EXERCISE:
Retype all of the data word for word, without pictures.

RECORDED INFORMATION:
━━━━━━━━━━━━━━━━
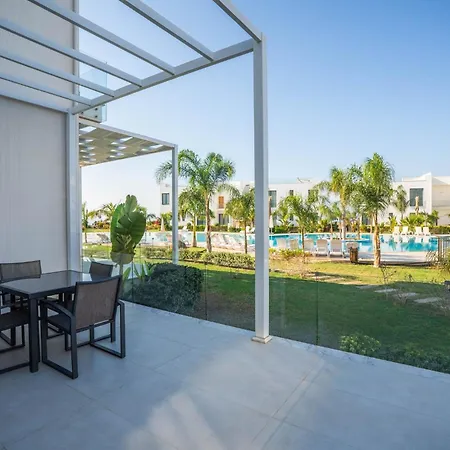 Charming And Beautifully Furnished With Direct Poolside Access * Agios Nikolaos (Famagusta)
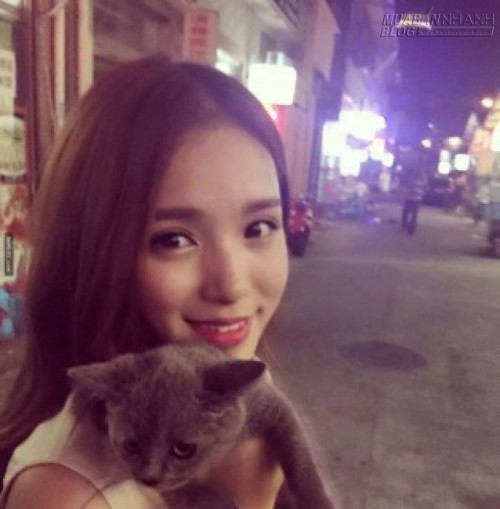 Cô gái trẻ xinh đẹp như hoa biến thành dị dạng sau một lần thổi nến sinh nhật
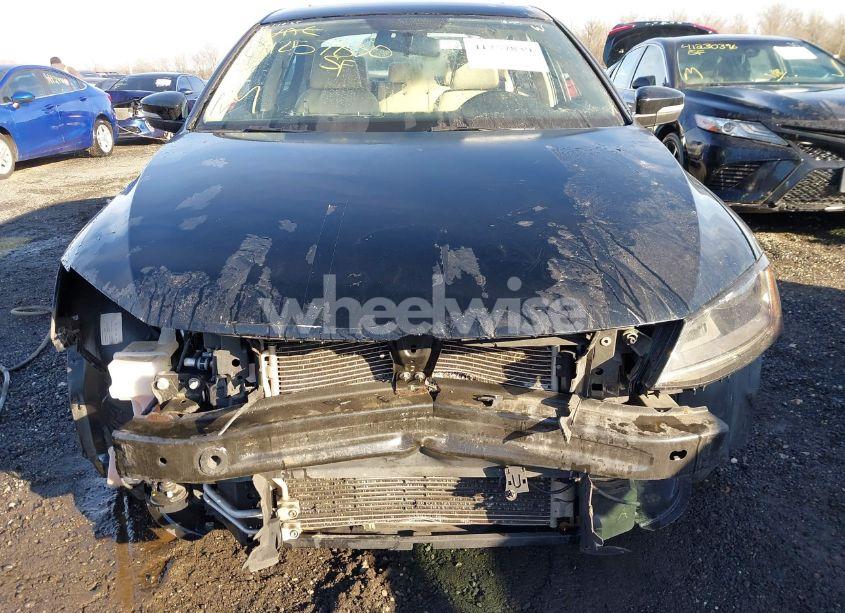 Photo 6 of 2017 Volkswagen Jetta 1.4T SE (VIN 3VWDB7AJ4HM380638)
━━━━━━━━━━━━━━━━
PROBLEM SOLUTION:
 Charming And Beautifully Furnished With Direct Poolside Access * Agios Nikolaos (Famagusta)
 Cô gái trẻ xinh đẹp như hoa biến thành dị dạng sau một lần thổi nến sinh nhật
 Photo 6 of 2017 Volkswagen Jetta 1.4T SE (VIN 3VWDB7AJ4HM380638)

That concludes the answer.